Since the early 2000s, AI systems have eliminated more than 1.7 million jobs, and that number will only increase as AI improves. Some research estimates that by 2025, AI will eliminate more than 85 million jobs.
But for all the talk about job security, AI is also proving to be a powerful tool in healthcare—specifically, cancer detection. One recently published study has shown that, remarkably, artificial intelligence was able to detect 20 percent more cancers in imaging scans than radiologists alone.
Published in The Lancet Oncology, the study analyzed the scans of 80,000 Swedish women with a moderate hereditary risk of breast cancer who had undergone a mammogram between April 2021 and July 2022. Half of these scans were read by AI and then a radiologist to double-check the findings. The second group of scans was read by two researchers without the help of AI. (Currently, the standard of care across Europe is to have two radiologists analyze a scan before diagnosing a patient with breast cancer.)
The study showed that the AI group detected cancer in 6 out of every 1,000 scans, while the radiologists detected cancer in 5 per 1,000 scans. In other words, AI found 20 percent more cancers than the highly-trained radiologists.

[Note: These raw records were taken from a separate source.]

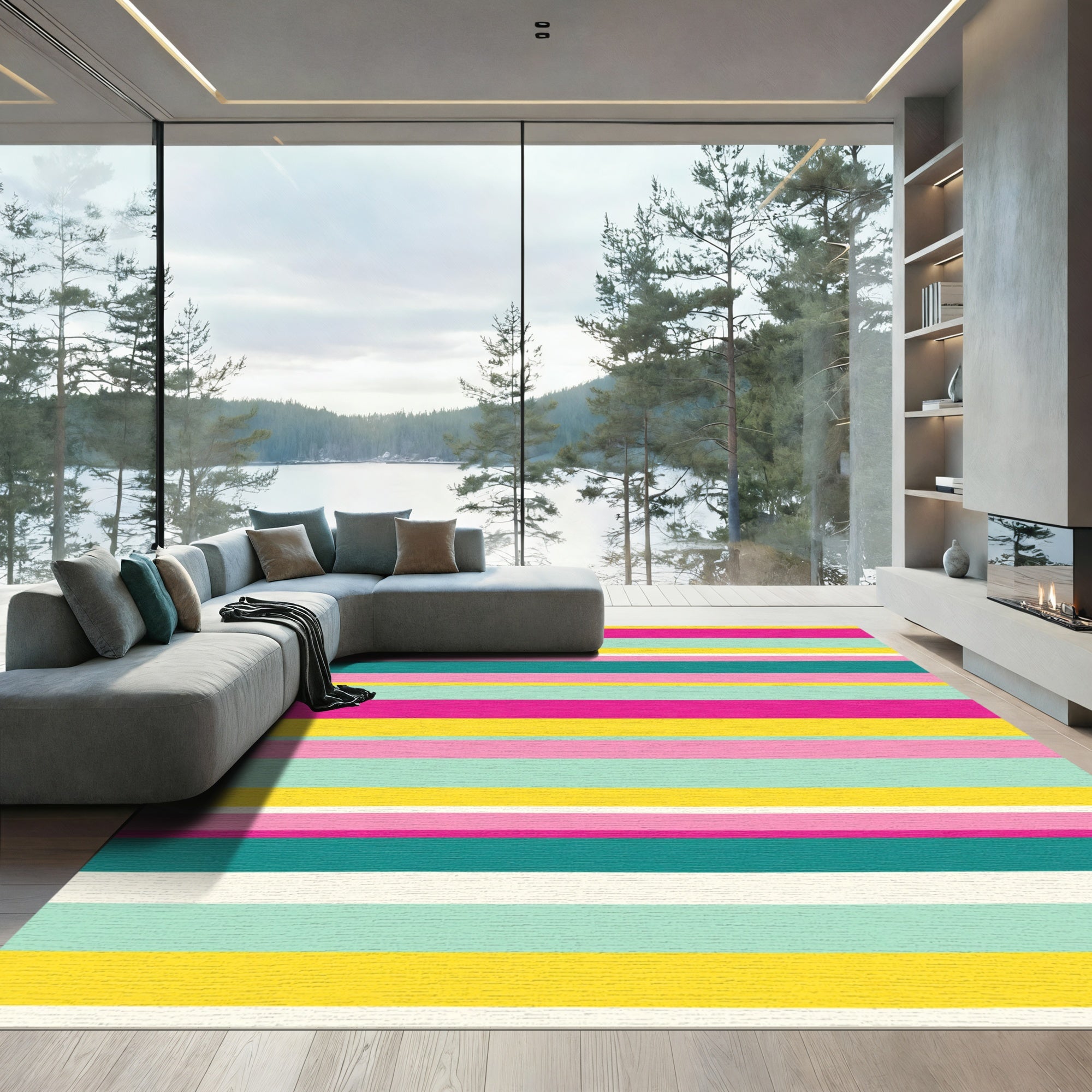 Vibrant Horizontal Candy Stripes Rug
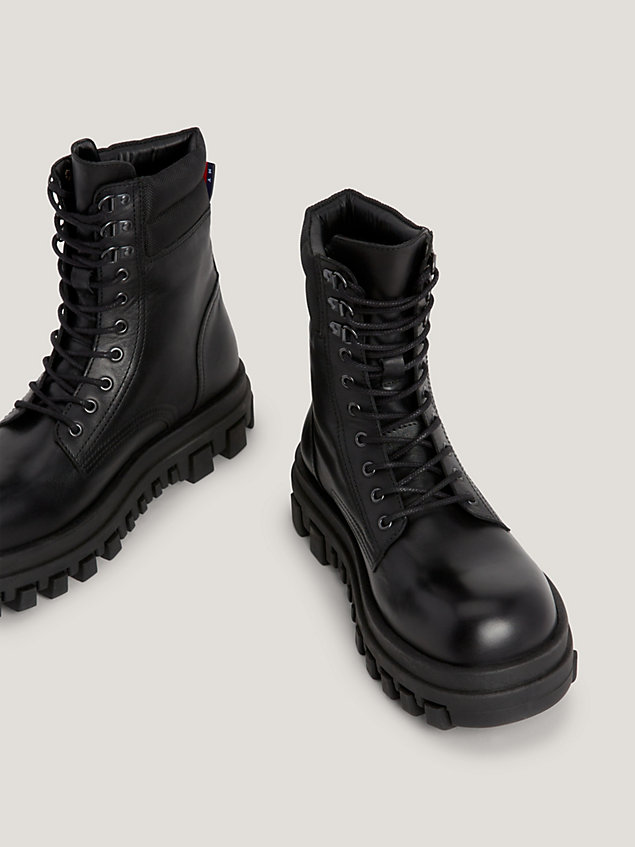 black elevated cleat mid-top leather boots for men tommy jeans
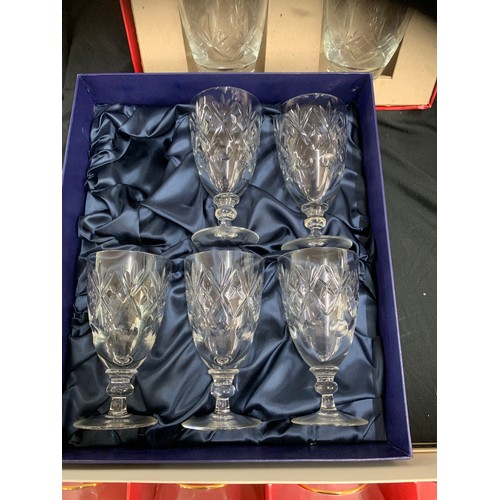 171 - Selection boxed drinking glass, include Webb etc, one set is missing a glass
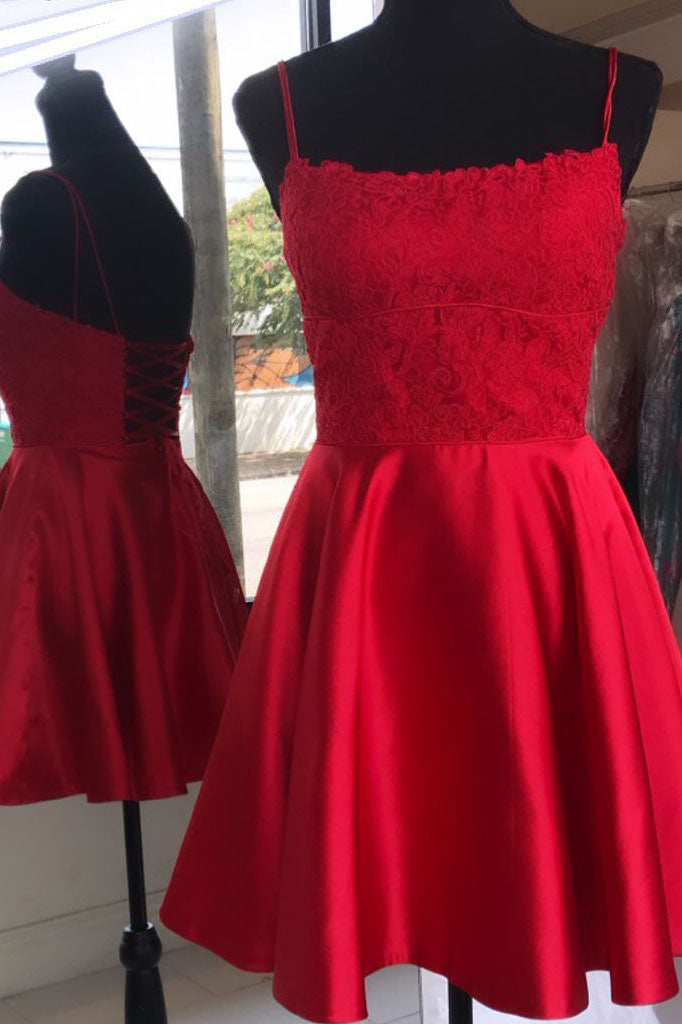 Lace-Up Little Red Homecoming Dress – FancyVestido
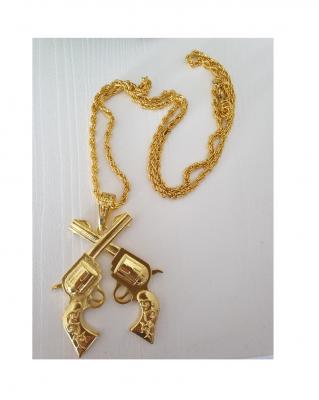 W31008-28 goldfarbig Damen Herren Kette mit 2 Pistolen - 2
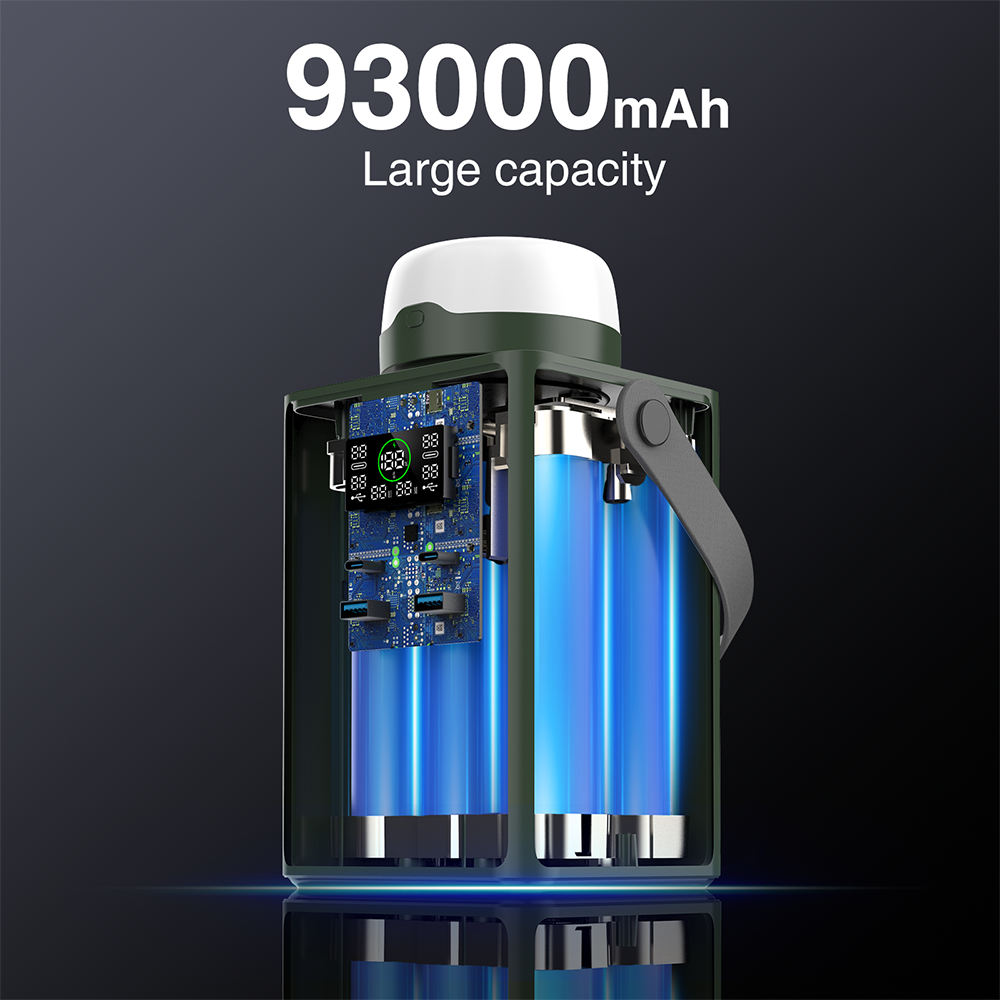 Full capacity 93000mah Lifepo4 PD100W portable power bank laptop charger for emergency compatible with solar panel charge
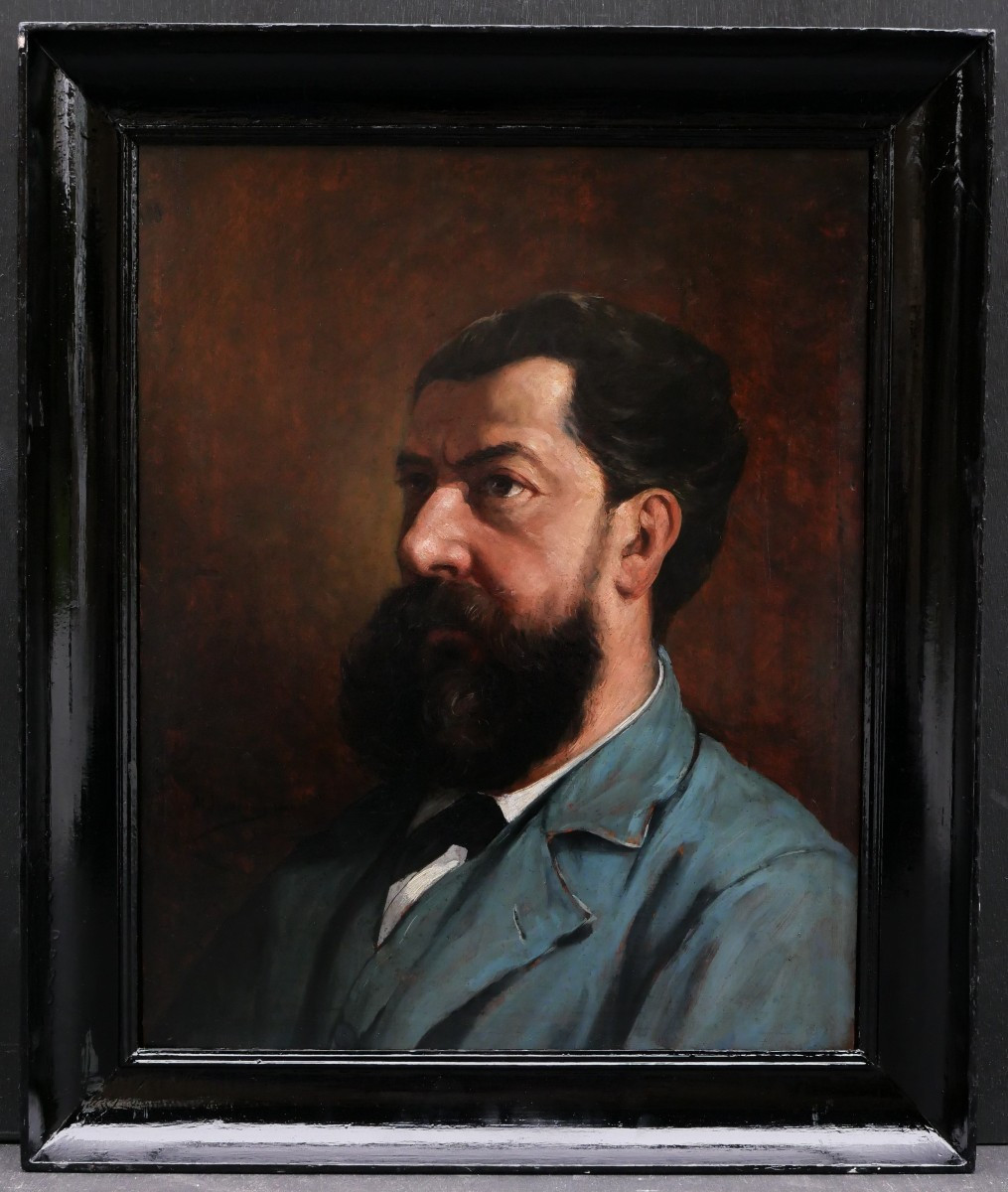 Louis Michel HADENGUE, Portrait d'homme, sans doute un peintre-photo-4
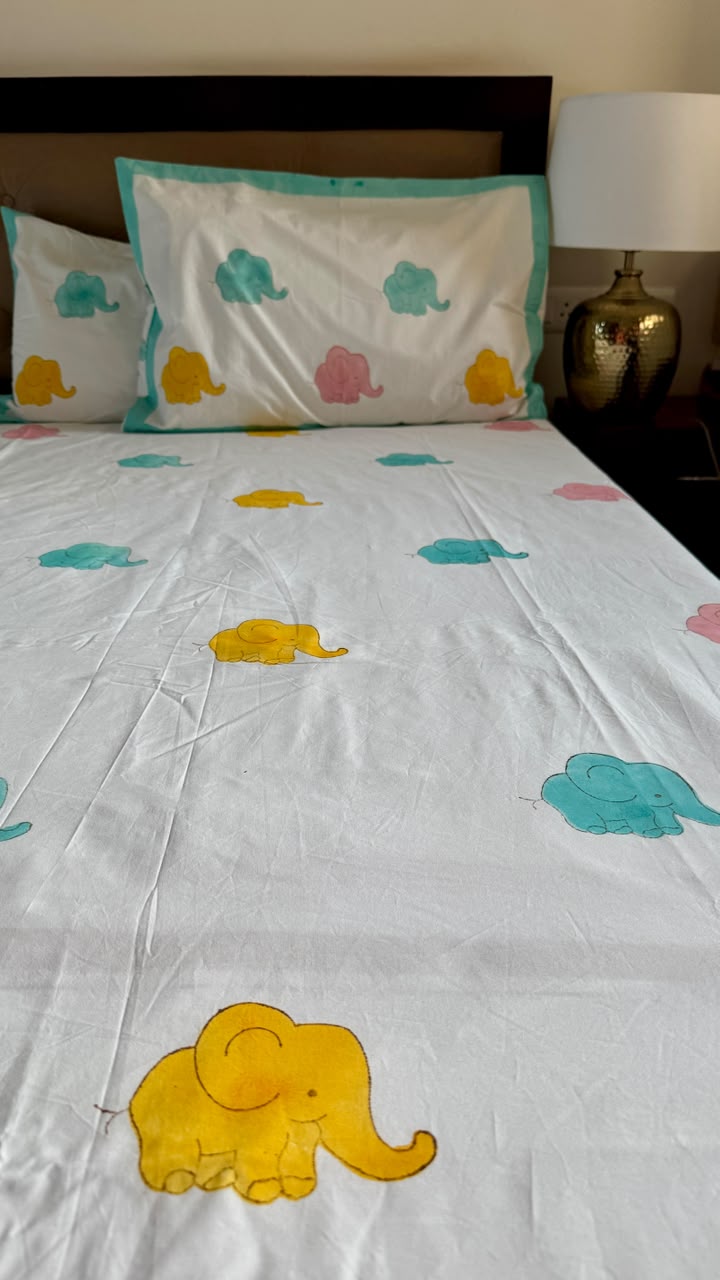 aenak-pink-yellow-elephant-handblock-premium-cotton-bedsheet-set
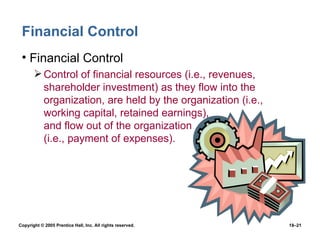 Financial Control Financial Control Control of financial resources (i.e., revenues, shareholder investment) as they flow into the organization, are held by the organization (i.e., working capital, retained earnings),  and flow out of the organization  (i.e., payment of expenses). 
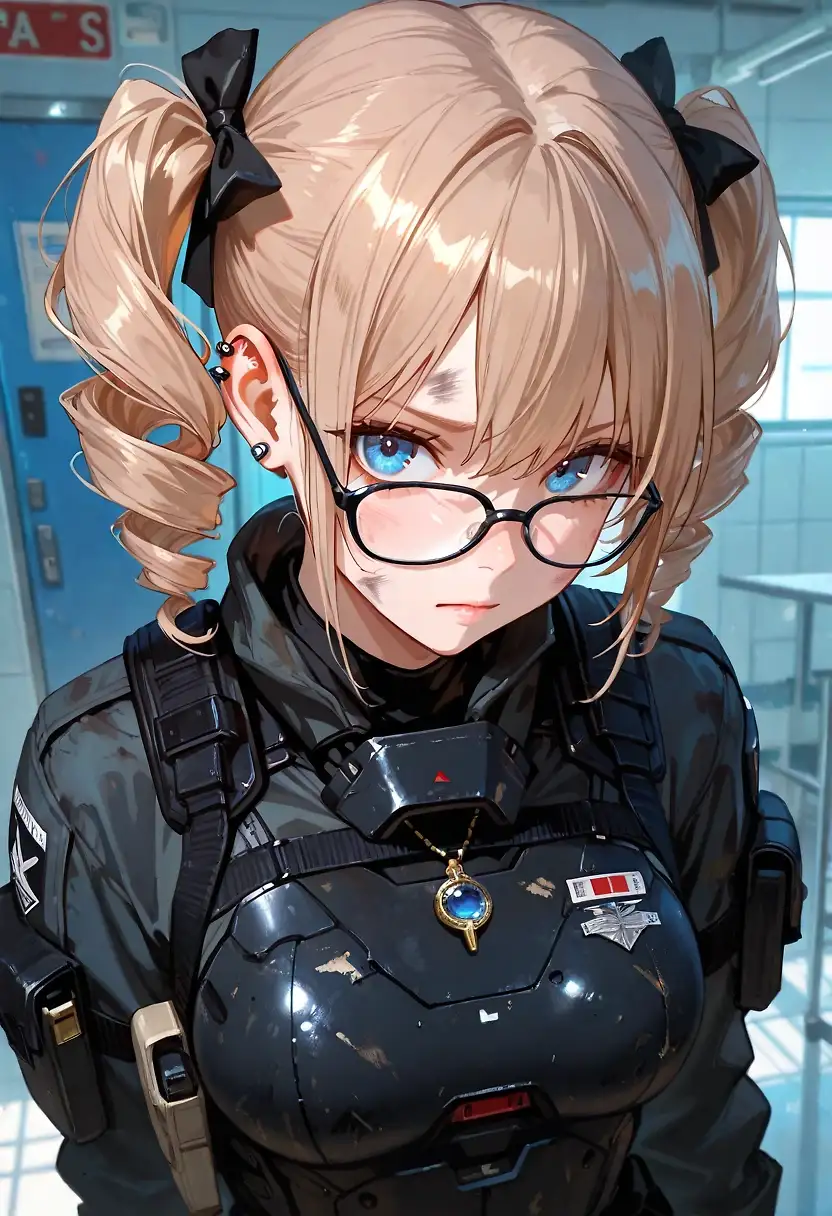 AI art 'Cyberpunk Hanas background story.' with user description 'Gurad 1: So that the girl from the intruders team?
Guard 2: Yes, hasn't spoke a word yet.
Guard 1: Our mole has done a good job. No worrys she will speak soon enough, hang her up!
Hana: ...

Guard 1: You're tough, I have to give you that. Lets how long you can keep this up.
Hana: ...

This goes on for serval day, they yell at me and as they see that i remain in silence they started beating me. Why did he betray us?

Guard 1: I'll ask this the last time nice! Why do you team has try to steal the OMS?
Hana: ...

So that was in our package. What is this OMS and why was it it worth to betray us?

Guard 1: I have enough of this, you will not tell us? Fine! 
He goes to a table grabs a crowbar from it and comes over to me. The last i see is the mdaness in his view as he smashed the crowbar into my elbows. I never feld so much pain in my life, i reaching my limit and fall into the deep darkness.

???: Hana? 
Somebody is calling me?
???: Hana can you hear me?
This voice it's so familar.
???: You have to wake up!
Hana: Ry... u...?
I open my eyes and see his worried face in front of me.
Ryu: Yes my dear, i'm here.
I can not hold my tears back. He picks up my glasses from the ground and put them back on my face.
Ryu: Come your safe now, i will take you to the hospital.

As we arrive the hospital they examined me in the emergency room. They put my in a bed and told that i should try to sleep a little, while they removed my body armor.

Dotor: I'm sorry Ryu, as you can see on the x-ray her both elbows are shattered. I fear i can not do much more than amputee her arms and replace them with mechanical prostheses...
Ryu: Good God... 
As Ryu struggles to maintain his composure.
Ryu: Do it.
Doctor: Alright, prepare the operation.

What is so cold in back? And that noise like a saw, at next moment i fade away in a deep slumber.
How much time has pass? I don't know.

Doctor: She has awakend. Take her to her bed.
What's going on here?

Nurse: Ah you are awake, how do you feel? Take your time don't rush. What's your name?
Hana: My name is Hana. Where am i?
Nurse: You are at a Hospital Hana.
Hana: Why can i not feel my arms?
Nurse: Oh dear you may look in the mirror for yourself. I fear there is no easy way to tell you about...

The words of the nurse are fading as i stand up and walk to the mirror. The shock hits me hard as i look in the mirror. These arms that i see are not mine, they are grotesque metal versions of my arms. I trun my to the nurse and hope that is a bizzare joke, but i see the sad look on her face.

Nurse: I'm really sorry my dear. At lessed you are alive, that's more than importent. I'll go now to give some time.

As door closes the silence stepped into the room, i fell down to my knees grab my new arms and start to cry. This city is like a meat grinder and it took my arms away from me. The weight of events that brought me here are starting to overwhelming my mind. Tears are running down face with no holding back, the agony that comes with them bursts out of me in a heartbreaking scream. Like a promise to everyone, i'll find that traitor, even if it take my last breath.'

Scientists have been using MRI images (like the ones pictured here) to train artificial intelligence to detect cancers earlier and with more accuracy. Here, MIT's AI system, MIRAI, looks for patterns in a patient's mammograms to detect breast cancer earlier than ever before. news.mit.edu
But even though the AI was better able to pinpoint cancer on an image, it doesn’t mean radiologists will soon be out of a job. Dr. Laura Heacock, a breast radiologist at NYU, said in an interview with CNN that radiologists do much more than simply screening mammograms, and that even well-trained technology can make errors. “These tools work best when paired with highly-trained radiologists who make the final call on your mammogram. Think of it as a tool like a stethoscope for a cardiologist.”
AI is still an emerging technology, but more and more doctors are using them to detect different cancers. For example, researchers at MIT have developed a program called MIRAI, which looks at patterns in patient mammograms across a series of scans and uses an algorithm to model a patient's risk of developing breast cancer over time. The program was "trained" with more than 200,000 breast imaging scans from Massachusetts General Hospital and has been tested on over 100,000 women in different hospitals across the world. According to MIT, MIRAI "has been shown to be more accurate in predicting the risk for developing breast cancer in the short term (over a 3-year period) compared to traditional tools." It has also been able to detect breast cancer up to five years before a patient receives a diagnosis.
The challenges for cancer-detecting AI tools now is not just accuracy. AI tools are also being challenged to perform consistently well across different ages, races, and breast density profiles, particularly given the increased risks that different women face. For example, Black women are 42 percent more likely than white women to die from breast cancer, despite having nearly the same rates of breast cancer as white women. Recently, an FDA-approved AI device for screening breast cancer has come under fire for wrongly detecting cancer in Black patients significantly more often than white patients.
As AI technology improves, radiologists will be able to accurately scan a more diverse set of patients at a larger volume than ever before, potentially saving more lives than ever.